Bilim adamları-etimologlar, incelenen nesnenin kökenini Proto-Hint-Avrupa diline kadar izlemeyi başardılar. "Durmak, koymak" anlamına gelen bir kök sta vardır. Ayrıca, eski Yunanca'da fiil bulunurἵστηΜι, "düzenlemek, kurmak, durmak, dikmek" anlamına gelir.

στάσις ismi “düzenleme, kuruluş” anlamında ondan oluşmuştur. Daha sonra buna “altında, altında” anlamına gelen ὑπό öneki eklendi ve “bakım, varoluş, kişilik, öz” olarak yorumlanan eski Yunanca ὑπόστασις kelimesi elde edildi.

Ardından, "hipostaz" kelimesinin eş anlamlıları verilecektir.

İbrahim'in misafirperverliği
İbrahim'in misafirperverliği

Anlamı benzer kelimeler

Aralarında şunlar vardır:

  • yalamak;
  • öz;
  • madde;
  • kalite;
  • taban;
  • işlev;
  • görünüm;
  • doğa;
  • temel;
  • doğa;
  • orijinal;
  • öz;
  • görüntü;
  • özellik;
  • set;
  • ait olmak;
  • rol;
  • bak;
  • görüntü;
  • rol;
  • misyon;
  • hedef;
  • görev koşulları;
  • yansıma;
  • ifade;
  • enkarnasyon;
  • şekil;
  • işgal;
  • yan;
  • kenar.

Hipostaz sorununun incelenmesinin sonucunda, kilise temsilcilerinin bu kavram etrafında tartıştıkları hakkında birkaç söz söylemekte fayda var.

Teolojik tartışmalar

Dinlerde hipostazın her zaman aynı şekilde anlaşılmayan bir terim olduğunu belirtmek gerekir. Hıristiyanlıkta, Tanrı'nın bir ve üç olduğuna dair bir ifade vardır. Kilise babaları ne zamanüçlü kavramını açıklamaya çalıştılar, her zaman aynı terminolojiyi kullanmadılar.

Bazıları, üçlemenin özünün, üç kişinin Tanrı'da birleşmesi olduğunu söyledi ve bunu πρόσωπον, persona terimiyle ifade etti. Diğerleri, üç hipostazın Tanrı'da bağlantılı olduğuna inandılar ve ὑπόστασις kelimesini kullandılar. Yine de diğerleri ουσία, natura, substantia kelimesini kullanmayı tercih etti.

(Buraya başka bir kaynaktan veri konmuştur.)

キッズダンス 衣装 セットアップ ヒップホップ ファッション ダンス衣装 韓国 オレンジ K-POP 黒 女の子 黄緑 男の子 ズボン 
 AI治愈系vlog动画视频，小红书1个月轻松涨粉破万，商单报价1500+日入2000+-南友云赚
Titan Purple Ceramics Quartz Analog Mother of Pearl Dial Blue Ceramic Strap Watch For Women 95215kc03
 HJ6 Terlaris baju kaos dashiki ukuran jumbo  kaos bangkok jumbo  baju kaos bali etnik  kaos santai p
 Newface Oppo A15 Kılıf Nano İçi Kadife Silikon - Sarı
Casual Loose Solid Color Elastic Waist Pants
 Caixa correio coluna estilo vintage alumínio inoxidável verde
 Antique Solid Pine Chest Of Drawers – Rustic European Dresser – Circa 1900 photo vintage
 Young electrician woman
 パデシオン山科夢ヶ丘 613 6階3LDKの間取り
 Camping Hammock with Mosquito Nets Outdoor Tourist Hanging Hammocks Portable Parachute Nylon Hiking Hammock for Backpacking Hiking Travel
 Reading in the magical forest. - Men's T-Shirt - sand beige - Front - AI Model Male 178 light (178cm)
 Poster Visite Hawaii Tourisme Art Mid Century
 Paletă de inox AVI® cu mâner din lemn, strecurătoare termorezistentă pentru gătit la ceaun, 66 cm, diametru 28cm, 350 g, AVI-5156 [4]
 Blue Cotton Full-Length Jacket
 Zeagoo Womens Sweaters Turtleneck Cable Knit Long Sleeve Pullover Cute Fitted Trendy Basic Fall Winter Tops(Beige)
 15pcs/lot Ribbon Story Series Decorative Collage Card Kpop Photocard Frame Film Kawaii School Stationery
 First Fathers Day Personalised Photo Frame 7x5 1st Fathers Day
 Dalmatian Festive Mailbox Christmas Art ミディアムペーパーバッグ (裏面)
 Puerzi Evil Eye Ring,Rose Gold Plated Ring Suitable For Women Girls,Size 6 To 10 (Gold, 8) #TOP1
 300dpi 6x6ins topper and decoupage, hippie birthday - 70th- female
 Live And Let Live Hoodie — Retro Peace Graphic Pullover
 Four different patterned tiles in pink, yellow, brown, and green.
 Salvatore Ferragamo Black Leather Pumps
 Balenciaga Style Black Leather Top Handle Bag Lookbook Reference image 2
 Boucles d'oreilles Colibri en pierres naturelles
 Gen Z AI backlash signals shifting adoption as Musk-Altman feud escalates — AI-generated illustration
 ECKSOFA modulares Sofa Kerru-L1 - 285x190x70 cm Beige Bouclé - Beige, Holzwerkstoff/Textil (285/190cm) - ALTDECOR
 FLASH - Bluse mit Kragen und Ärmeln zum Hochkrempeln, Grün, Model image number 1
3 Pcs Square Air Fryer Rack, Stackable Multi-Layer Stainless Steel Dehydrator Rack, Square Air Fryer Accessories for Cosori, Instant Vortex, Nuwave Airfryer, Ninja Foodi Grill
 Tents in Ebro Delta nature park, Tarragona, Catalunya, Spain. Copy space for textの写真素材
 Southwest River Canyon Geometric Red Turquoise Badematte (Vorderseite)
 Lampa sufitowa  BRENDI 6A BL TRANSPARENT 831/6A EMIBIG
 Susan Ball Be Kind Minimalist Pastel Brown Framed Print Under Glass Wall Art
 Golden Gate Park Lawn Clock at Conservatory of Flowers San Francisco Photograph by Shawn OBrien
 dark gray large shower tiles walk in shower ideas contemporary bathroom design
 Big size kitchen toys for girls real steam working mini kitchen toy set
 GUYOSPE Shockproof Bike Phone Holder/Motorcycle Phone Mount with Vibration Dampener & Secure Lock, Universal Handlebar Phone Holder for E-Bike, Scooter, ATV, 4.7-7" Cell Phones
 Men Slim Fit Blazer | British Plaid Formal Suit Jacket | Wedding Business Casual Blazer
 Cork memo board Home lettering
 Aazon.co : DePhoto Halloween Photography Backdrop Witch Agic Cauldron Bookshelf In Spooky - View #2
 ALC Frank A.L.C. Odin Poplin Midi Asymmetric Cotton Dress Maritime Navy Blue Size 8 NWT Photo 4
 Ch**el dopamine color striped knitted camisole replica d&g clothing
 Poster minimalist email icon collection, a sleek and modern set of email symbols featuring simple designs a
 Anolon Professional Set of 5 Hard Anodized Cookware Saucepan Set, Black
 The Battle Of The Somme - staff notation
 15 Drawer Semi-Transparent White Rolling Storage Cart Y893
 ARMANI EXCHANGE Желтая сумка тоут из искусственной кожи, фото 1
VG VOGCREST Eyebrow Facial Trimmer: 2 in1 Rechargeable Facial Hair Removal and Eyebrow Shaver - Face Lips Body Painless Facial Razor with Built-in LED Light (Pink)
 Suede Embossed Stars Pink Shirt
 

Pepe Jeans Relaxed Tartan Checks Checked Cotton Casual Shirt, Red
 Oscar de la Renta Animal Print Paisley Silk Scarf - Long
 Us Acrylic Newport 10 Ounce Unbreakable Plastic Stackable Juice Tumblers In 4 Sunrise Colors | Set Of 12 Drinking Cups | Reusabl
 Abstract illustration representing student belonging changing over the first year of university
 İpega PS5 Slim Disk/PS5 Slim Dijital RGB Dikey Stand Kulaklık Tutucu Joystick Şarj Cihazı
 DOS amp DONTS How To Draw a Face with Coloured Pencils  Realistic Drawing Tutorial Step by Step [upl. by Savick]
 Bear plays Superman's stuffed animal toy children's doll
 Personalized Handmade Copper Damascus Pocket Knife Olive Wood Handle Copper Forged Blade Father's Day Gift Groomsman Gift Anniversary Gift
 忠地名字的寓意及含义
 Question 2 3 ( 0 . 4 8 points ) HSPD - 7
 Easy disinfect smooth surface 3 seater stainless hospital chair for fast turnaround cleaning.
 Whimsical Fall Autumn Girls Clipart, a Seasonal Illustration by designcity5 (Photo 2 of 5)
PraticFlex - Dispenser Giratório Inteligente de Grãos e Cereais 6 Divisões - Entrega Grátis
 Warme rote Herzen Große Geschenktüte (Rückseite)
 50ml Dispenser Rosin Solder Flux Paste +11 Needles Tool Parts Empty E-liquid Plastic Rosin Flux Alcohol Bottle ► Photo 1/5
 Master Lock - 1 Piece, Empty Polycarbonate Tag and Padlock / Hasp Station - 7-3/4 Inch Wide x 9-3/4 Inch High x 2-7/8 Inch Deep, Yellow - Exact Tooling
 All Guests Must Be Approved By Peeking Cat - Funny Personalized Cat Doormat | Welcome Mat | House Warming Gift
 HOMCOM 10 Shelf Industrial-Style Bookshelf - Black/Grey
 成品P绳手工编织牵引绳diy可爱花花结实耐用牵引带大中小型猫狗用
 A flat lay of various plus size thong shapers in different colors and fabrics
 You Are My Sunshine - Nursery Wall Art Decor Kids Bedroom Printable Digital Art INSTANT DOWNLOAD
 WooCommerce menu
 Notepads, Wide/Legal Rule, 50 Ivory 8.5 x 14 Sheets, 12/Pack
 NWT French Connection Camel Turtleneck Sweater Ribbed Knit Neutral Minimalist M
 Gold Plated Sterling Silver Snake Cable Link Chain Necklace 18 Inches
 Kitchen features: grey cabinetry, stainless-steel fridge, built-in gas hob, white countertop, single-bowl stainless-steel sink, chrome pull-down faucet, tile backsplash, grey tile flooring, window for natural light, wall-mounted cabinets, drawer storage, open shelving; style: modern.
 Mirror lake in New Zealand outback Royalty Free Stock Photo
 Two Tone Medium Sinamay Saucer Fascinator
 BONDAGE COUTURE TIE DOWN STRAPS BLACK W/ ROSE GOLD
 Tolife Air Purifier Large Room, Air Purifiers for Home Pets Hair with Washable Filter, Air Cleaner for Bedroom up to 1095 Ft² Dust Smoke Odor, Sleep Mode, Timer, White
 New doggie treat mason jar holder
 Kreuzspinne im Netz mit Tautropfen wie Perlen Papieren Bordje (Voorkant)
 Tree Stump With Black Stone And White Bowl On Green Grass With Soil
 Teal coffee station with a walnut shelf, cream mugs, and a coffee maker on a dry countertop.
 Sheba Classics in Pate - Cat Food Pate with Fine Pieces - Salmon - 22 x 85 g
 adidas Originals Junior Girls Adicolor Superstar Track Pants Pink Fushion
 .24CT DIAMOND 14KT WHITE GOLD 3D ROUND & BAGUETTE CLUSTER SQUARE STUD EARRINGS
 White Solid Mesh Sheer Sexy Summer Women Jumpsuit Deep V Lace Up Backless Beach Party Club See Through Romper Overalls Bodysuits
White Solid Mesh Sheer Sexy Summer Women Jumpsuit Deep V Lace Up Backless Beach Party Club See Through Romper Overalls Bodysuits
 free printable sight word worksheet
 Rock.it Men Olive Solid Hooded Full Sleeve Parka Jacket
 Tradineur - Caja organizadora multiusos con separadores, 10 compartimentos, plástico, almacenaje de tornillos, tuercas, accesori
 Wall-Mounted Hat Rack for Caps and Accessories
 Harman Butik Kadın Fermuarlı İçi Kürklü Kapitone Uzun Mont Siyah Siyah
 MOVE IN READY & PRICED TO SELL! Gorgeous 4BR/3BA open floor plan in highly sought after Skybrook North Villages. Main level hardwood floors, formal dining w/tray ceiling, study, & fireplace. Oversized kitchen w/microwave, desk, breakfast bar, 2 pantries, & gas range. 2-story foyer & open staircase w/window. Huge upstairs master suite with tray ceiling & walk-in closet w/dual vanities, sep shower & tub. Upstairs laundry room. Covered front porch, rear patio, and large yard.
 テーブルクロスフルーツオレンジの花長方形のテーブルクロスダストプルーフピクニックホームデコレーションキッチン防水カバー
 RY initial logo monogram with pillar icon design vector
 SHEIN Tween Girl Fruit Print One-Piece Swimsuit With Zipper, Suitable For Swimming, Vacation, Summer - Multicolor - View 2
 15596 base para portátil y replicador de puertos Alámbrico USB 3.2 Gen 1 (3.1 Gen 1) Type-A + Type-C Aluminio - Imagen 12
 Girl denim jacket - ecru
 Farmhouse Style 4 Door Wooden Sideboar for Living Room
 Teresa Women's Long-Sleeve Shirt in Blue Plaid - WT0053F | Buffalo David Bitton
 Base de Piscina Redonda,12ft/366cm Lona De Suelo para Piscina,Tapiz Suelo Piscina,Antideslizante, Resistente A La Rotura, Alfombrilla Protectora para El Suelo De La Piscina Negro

Bu tür tutarsızlıklar, 4. yüzyılda Doğu'daki ilahiyatçılar arasında uzun süreli tartışmalara neden oldu. Belli bir dönemde Batı ve Doğu kiliseleri arasında görüş ayrılığı oluşmuştu.

Trinity mi yoksa tek varlık mı?
Trinity mi yoksa tek varlık mı?

Aynı zamanda Doğulu ilahiyatçılar, varlığın birliği ile Tanrı'nın farklı hipostazlarda olduğunu söylemişlerdir. "Hipostaz" kelimesiyle, sapkınlardan birinin fikrini reddeden bir kişi kavramını ifade ettiler - Savely. İkincisi, Tanrı'nın yalnızca bir özü, bir hipostazı olduğunu, ancak farklı zamanlarda üç biçim aldığını açıkladı: Baba, Oğul, Kutsal Ruh'un formu. Dolayısıyla bunlar yalnızca bir kişinin adları veya eylemleridir.

Batılı din adamları, Tanrı'nın tek bir hipostazı olduğuna inanıyorlardı. Görüşlerine, üç özü kabul eden Arius'un öğretisine karşı çıktılar: Baba - Tanrı'nın özü, Oğul - yaratıldı ve Kutsal Ruh, yine yaratılmış, ancak Oğul'dan ayrı bir öz.

Bu çelişkileri gidermek için 362'de İskenderiye'de bir konsey toplandı ve burada hem Doğulu hem de Batılı ilahiyatçıların kendilerini farklı ifade etmelerine rağmen aynı şekilde öğrettikleri ortaya çıktı. Bu konuda ilk"yüz" yerine "yüz" anlamında "hipostaz" kullanmıştır. Ve ikincisi ουσία - "varlık" kavramını aynı kelimeyle ifade etmeye çalıştı. 4. yüzyıldan itibaren ilk ifade biçimi baskın hale geldi.